Precisely the lines from the one with "vente maison Niort - 35395167:2" through the end of the data, both included, must make up the response, each restated word for word.

(Caption-style text data)
########################################

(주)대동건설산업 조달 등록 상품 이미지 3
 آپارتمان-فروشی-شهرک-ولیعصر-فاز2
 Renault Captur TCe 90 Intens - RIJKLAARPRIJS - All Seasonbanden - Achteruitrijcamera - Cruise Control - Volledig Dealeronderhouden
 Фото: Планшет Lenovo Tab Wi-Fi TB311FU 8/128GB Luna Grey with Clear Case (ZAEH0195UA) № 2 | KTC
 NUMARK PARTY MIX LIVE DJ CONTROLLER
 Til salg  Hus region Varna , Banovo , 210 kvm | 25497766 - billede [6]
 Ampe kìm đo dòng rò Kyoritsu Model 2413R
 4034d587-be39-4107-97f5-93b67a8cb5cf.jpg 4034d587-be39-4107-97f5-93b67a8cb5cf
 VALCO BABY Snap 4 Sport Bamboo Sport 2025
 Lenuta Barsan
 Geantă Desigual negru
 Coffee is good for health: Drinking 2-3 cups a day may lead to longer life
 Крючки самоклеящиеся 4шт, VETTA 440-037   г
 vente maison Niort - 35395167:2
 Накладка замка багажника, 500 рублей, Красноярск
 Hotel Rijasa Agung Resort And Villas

########################################

» **Exercise result**
 vente maison Niort - 35395167:2
 Накладка замка багажника, 500 рублей, Красноярск
 Hotel Rijasa Agung Resort And Villas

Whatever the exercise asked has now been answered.